Impact on balance sheet
FRS 17, unlike SSAP 24, adopts a balance sheet approach. It requires that the assets held by the pension scheme are valued at market value. The scheme’s liabilities must be calculated using the projected unit method and discounted using a current AA corporate bond rate. The net of the pension scheme assets and liabilities is then shown, net of any deferred tax, as a separate balance sheet heading immediately after other net assets. A pension asset is however only recognised, to the extent the company can recover it through reduced contributions or refunds. A net pension liability is similarly only recognised to the extent the company has an obligation to fund it but, in practice, this will nearly always be the case.
Impact on profit and loss account
Operating profit will include:
• Current service costs - one year’s accrued pension benefit; as calculated by the actuary, irrespective of the funding position.
• Past service costs - the capital cost of any benefit improvements. This will mean an immediate hit to profits in respect of any benefit improvements.

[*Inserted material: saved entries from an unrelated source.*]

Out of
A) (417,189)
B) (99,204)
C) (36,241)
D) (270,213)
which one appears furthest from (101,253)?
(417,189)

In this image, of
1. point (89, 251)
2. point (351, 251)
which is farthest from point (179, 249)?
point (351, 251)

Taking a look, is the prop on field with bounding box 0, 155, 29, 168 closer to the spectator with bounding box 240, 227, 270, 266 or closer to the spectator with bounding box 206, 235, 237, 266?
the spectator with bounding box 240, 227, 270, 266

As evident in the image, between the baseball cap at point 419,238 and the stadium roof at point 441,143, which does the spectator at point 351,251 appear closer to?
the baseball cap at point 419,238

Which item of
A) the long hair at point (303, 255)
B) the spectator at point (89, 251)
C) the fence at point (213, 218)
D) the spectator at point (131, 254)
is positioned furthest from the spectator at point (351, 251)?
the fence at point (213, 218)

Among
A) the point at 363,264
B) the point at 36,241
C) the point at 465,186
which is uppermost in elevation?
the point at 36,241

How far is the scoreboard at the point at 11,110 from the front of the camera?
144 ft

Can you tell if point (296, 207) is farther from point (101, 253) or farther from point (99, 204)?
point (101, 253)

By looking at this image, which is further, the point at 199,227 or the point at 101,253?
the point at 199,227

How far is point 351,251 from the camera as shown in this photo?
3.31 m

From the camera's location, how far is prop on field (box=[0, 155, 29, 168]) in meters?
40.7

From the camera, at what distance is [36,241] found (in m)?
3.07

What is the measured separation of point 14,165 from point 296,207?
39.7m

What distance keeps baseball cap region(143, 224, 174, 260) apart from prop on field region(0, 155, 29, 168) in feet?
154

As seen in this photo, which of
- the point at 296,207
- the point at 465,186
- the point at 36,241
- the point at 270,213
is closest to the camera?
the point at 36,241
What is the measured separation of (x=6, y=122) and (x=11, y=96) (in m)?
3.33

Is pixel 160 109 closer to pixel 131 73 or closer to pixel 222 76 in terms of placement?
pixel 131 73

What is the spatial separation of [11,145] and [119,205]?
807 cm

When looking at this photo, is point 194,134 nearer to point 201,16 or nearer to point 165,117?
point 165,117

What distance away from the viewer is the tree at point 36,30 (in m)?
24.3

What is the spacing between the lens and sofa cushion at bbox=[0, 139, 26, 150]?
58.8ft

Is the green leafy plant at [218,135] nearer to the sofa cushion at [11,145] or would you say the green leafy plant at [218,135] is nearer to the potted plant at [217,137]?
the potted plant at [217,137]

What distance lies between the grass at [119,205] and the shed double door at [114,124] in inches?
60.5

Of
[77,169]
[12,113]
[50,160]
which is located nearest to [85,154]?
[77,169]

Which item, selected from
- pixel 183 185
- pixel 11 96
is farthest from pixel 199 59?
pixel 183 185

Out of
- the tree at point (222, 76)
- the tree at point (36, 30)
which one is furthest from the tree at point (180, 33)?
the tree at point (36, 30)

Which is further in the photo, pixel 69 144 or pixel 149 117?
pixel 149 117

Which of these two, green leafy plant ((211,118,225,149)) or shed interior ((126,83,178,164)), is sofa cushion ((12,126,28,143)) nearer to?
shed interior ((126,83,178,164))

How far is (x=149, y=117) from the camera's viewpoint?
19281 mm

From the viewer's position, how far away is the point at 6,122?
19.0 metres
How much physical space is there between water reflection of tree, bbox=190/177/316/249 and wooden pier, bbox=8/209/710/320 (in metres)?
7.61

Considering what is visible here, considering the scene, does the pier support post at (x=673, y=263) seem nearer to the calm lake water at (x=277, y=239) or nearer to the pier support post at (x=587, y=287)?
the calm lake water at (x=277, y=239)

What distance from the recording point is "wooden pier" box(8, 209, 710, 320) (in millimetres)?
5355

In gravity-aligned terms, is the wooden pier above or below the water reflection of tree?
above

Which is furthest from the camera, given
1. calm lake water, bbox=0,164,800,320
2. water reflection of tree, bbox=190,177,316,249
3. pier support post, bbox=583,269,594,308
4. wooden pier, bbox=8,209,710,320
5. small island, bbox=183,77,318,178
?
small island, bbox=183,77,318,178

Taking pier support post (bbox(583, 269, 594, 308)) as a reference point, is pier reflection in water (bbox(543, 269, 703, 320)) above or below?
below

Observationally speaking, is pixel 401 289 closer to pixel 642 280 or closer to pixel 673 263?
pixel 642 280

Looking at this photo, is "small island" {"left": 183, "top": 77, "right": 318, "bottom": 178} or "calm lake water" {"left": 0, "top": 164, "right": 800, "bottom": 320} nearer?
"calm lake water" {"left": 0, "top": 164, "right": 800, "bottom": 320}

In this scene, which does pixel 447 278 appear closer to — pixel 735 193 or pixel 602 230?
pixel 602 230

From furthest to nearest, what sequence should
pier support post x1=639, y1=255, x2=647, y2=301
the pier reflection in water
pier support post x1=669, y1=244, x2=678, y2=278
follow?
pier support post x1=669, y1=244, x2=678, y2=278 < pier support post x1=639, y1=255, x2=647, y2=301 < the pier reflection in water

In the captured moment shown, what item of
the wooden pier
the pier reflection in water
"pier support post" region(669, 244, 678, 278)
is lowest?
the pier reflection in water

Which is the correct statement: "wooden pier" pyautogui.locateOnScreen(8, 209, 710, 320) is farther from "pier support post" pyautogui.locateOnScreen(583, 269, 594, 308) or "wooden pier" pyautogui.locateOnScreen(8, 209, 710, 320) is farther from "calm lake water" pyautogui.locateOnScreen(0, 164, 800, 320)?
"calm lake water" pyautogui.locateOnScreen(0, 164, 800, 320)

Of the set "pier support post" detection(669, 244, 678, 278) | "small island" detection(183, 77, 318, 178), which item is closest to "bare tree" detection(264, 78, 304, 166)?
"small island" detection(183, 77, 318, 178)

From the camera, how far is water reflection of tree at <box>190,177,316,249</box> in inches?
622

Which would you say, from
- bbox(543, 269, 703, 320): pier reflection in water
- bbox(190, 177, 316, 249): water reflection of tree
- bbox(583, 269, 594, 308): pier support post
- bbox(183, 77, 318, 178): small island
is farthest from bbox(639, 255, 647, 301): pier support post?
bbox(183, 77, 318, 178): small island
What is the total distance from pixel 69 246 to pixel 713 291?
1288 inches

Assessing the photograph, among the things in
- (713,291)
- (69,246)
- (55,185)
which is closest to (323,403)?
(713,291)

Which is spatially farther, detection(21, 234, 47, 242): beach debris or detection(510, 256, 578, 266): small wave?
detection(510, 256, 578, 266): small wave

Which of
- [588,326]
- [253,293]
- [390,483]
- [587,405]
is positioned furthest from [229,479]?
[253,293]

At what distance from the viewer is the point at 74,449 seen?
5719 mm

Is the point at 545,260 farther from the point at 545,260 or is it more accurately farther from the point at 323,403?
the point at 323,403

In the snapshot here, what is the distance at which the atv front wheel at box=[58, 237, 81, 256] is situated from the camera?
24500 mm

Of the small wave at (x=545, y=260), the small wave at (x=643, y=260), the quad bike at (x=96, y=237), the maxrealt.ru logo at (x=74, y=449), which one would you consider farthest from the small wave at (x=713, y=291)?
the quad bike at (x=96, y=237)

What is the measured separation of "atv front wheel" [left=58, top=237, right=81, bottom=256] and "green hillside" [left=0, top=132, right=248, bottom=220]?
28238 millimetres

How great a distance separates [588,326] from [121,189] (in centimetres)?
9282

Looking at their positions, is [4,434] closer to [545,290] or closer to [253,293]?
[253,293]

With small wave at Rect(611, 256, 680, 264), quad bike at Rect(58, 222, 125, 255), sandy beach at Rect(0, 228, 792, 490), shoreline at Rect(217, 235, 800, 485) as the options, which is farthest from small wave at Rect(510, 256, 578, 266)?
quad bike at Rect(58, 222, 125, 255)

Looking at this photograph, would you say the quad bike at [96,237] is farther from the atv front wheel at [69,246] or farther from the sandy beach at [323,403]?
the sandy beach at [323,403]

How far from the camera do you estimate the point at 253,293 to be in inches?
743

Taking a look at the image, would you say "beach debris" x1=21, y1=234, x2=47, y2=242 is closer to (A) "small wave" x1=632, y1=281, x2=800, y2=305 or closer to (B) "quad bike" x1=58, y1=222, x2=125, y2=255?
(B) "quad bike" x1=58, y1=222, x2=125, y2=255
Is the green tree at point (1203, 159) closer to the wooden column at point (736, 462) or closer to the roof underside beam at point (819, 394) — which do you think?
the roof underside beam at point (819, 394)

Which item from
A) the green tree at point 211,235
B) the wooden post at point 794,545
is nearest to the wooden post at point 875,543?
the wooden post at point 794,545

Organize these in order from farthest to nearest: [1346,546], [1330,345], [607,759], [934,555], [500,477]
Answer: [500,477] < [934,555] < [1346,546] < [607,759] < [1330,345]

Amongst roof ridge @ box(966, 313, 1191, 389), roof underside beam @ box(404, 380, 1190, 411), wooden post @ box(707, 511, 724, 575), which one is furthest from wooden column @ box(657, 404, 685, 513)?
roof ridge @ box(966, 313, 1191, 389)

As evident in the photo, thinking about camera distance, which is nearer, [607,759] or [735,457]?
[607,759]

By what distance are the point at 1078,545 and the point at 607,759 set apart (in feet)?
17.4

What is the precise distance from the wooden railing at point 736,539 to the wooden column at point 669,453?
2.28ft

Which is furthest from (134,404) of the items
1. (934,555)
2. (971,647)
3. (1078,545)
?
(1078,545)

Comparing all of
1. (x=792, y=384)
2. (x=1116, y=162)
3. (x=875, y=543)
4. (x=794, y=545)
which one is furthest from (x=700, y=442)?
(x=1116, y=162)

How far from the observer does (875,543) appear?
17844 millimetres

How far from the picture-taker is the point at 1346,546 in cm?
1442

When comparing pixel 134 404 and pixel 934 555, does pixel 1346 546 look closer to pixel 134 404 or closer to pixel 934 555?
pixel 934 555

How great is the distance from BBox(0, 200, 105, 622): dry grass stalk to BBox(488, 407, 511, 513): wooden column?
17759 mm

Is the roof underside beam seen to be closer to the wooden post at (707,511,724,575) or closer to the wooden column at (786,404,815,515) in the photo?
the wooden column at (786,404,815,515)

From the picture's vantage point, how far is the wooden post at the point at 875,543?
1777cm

• Settlement or curtailment gains and losses. These would occur, for example, when members take early retirement or when there is a bulk transfer out of the scheme.
The following items will be netted and shown in a separate category adjacent to interest:
• Interest costs - the unwinding of the discount on the pension scheme liabilities.
• Expected return on assets. This is based on the long-term expectations at the beginning of the period.
Impact on STRGL
The impact on the statement of total recognised gains and losses (STRGL) will show the differences between the actual and expected returns on pension assets and the actuarial gains and losses on the scheme’s liabilities. These actuarial gains and losses could have three components, all of which would require separate disclosure:
• Experience gains and losses - such as difference between actual deaths and mortality assumptions.
• The effect of changes in financial assumptions - for example, changes in rate of salary increases and inflation rates, and the effect of any change in the discount rate.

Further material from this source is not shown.